*** Given records Section Begins ***

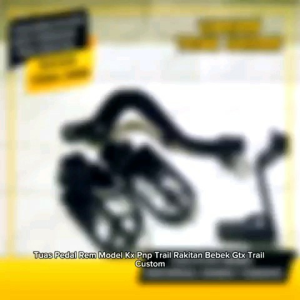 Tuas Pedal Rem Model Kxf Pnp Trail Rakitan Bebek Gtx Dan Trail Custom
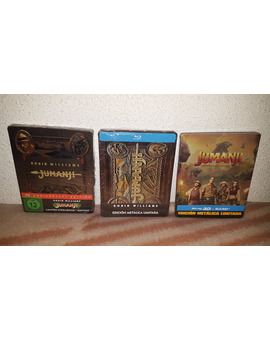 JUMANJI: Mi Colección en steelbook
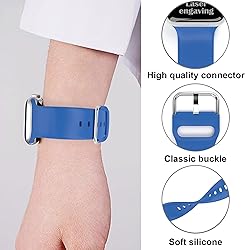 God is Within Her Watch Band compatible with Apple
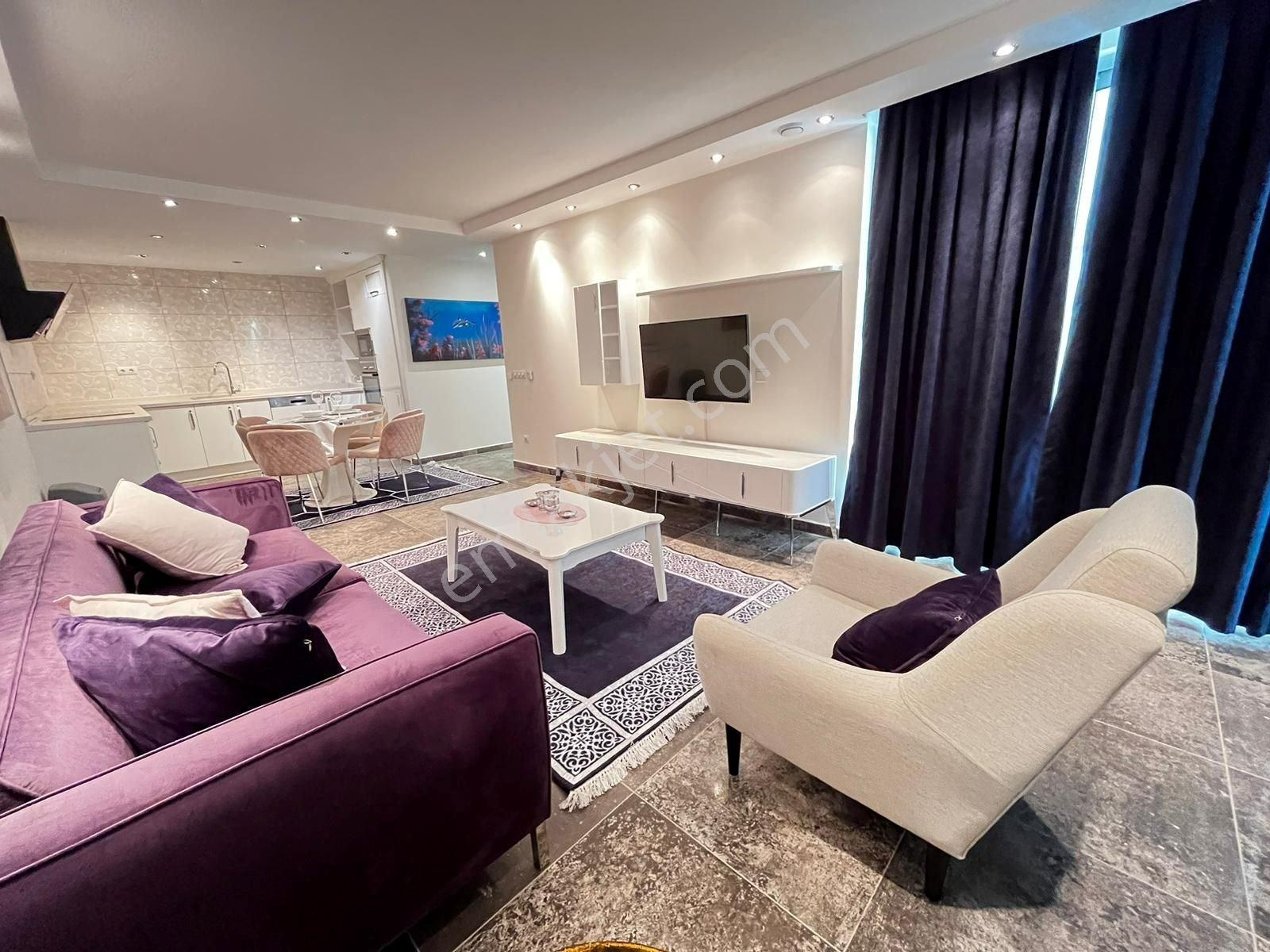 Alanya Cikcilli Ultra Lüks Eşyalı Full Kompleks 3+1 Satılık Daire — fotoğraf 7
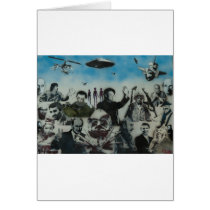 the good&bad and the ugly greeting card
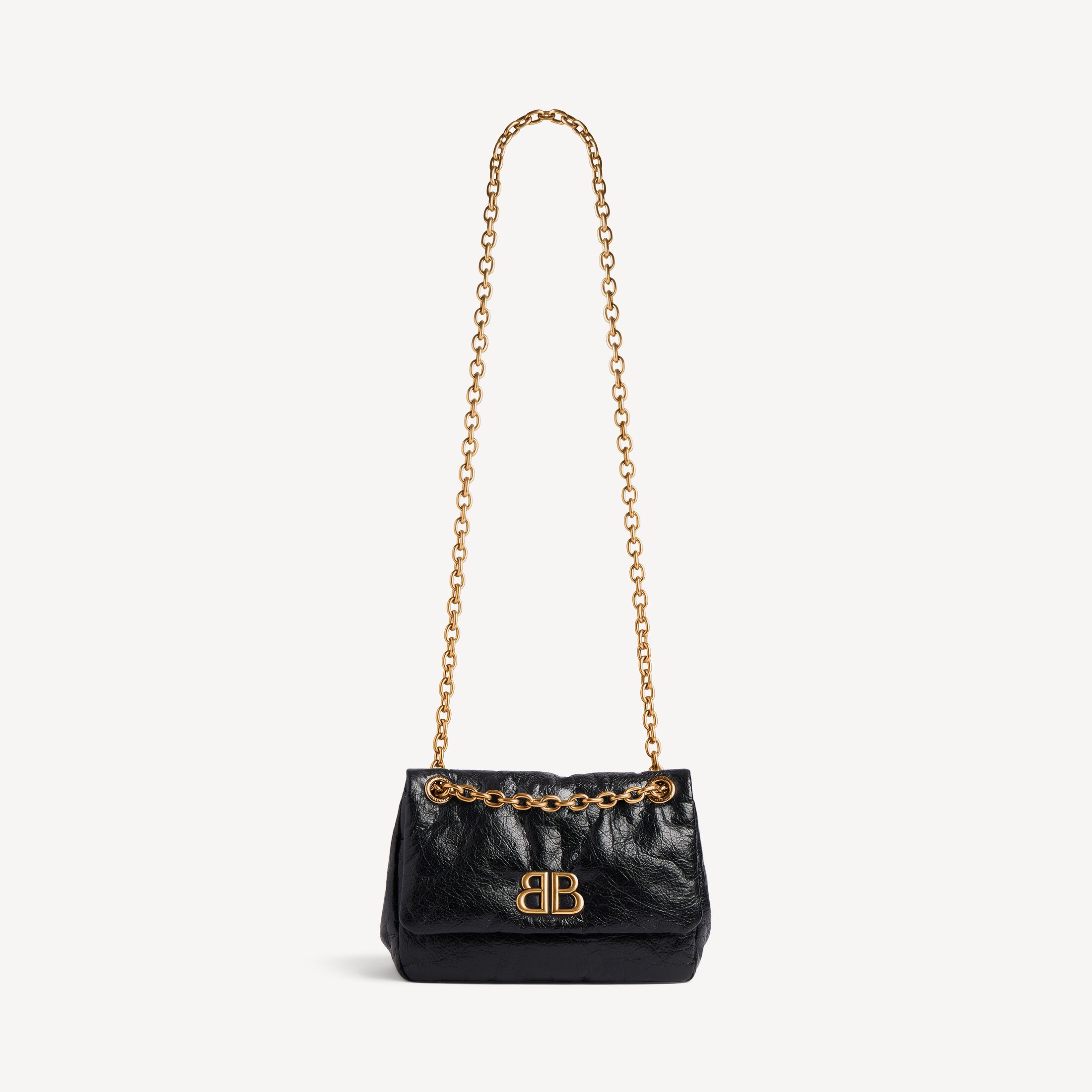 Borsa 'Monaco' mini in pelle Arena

*** Given records Section Ends ***

Your objective: Output all data exactly, omitting images.

Your solution:
 Tuas Pedal Rem Model Kxf Pnp Trail Rakitan Bebek Gtx Dan Trail Custom
 JUMANJI: Mi Colección en steelbook
 God is Within Her Watch Band compatible with Apple
 Alanya Cikcilli Ultra Lüks Eşyalı Full Kompleks 3+1 Satılık Daire — fotoğraf 7
 the good&bad and the ugly greeting card
 Borsa 'Monaco' mini in pelle Arena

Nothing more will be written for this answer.